Goal of the exercise:
All lines from the top of the records below through the line holding "A silhouette of", and only those, should be printed exactly, minus the pictures.

Supplied material:
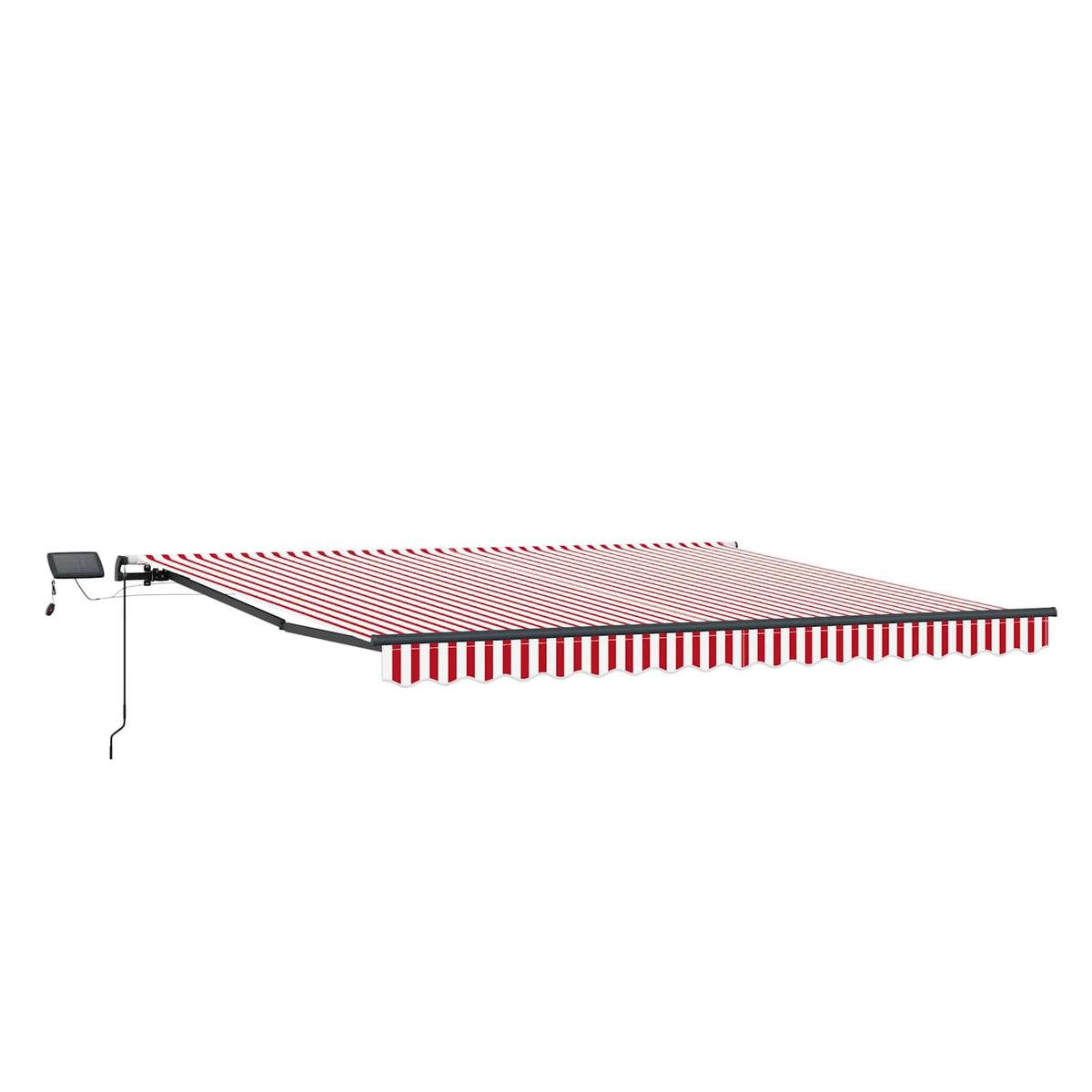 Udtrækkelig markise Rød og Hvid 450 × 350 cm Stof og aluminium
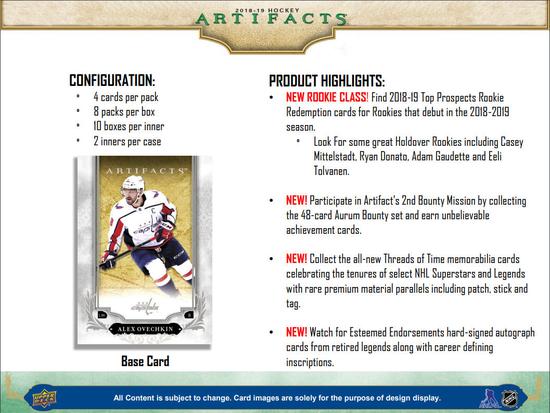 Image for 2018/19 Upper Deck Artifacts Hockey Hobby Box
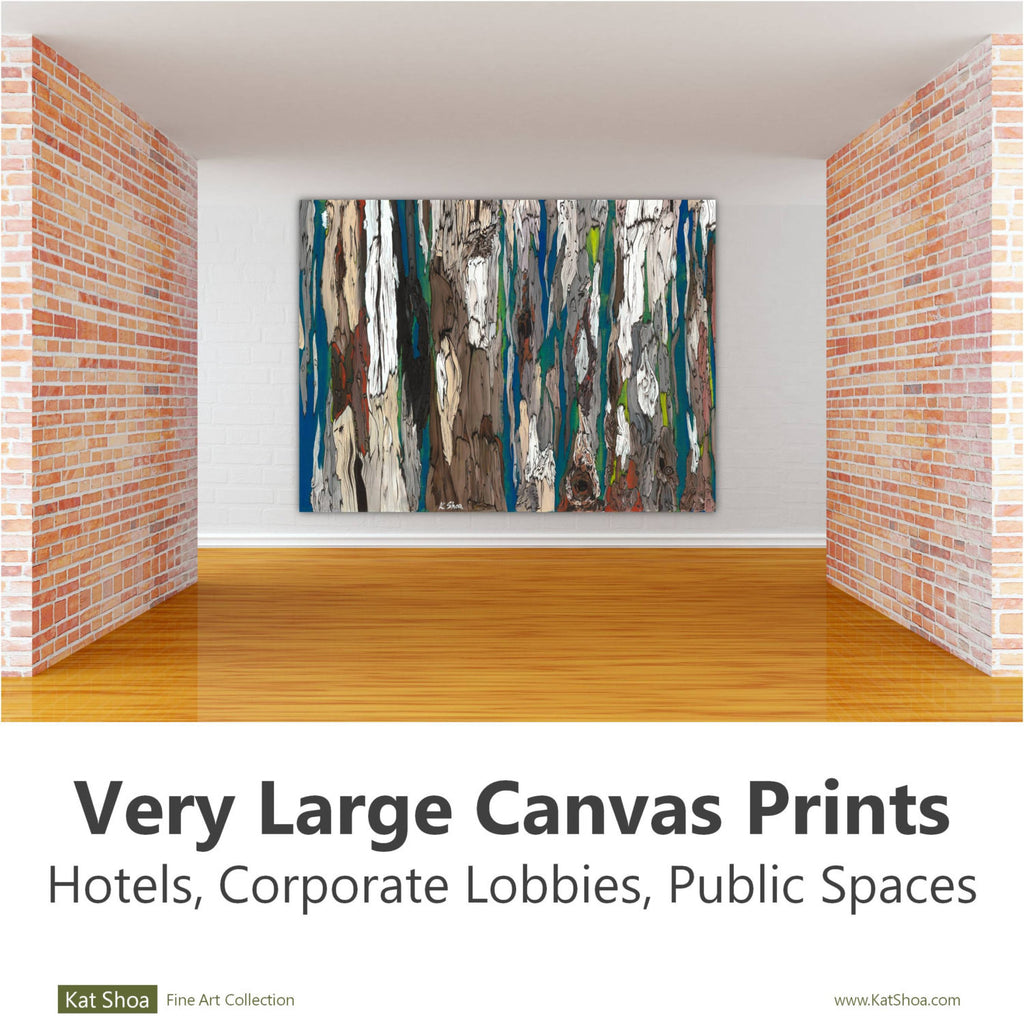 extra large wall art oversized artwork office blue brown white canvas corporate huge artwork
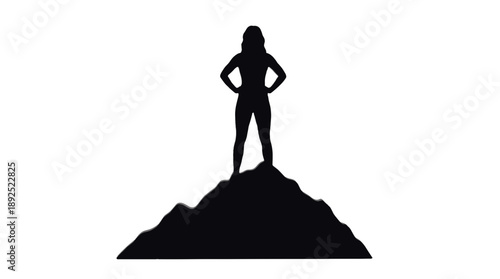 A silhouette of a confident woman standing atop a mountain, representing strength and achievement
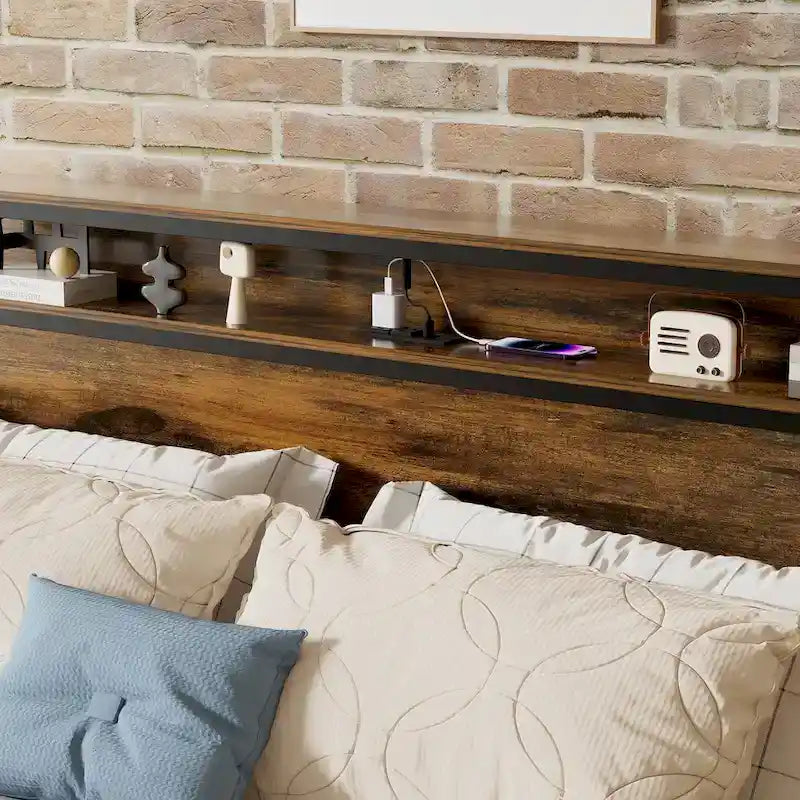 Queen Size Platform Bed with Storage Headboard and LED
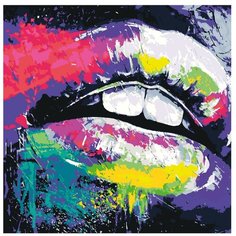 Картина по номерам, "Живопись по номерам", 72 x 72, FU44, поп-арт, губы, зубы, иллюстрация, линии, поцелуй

Output for this exercise:
 Udtrækkelig markise Rød og Hvid 450 × 350 cm Stof og aluminium
 Image for 2018/19 Upper Deck Artifacts Hockey Hobby Box
 extra large wall art oversized artwork office blue brown white canvas corporate huge artwork
 A silhouette of a confident woman standing atop a mountain, representing strength and achievement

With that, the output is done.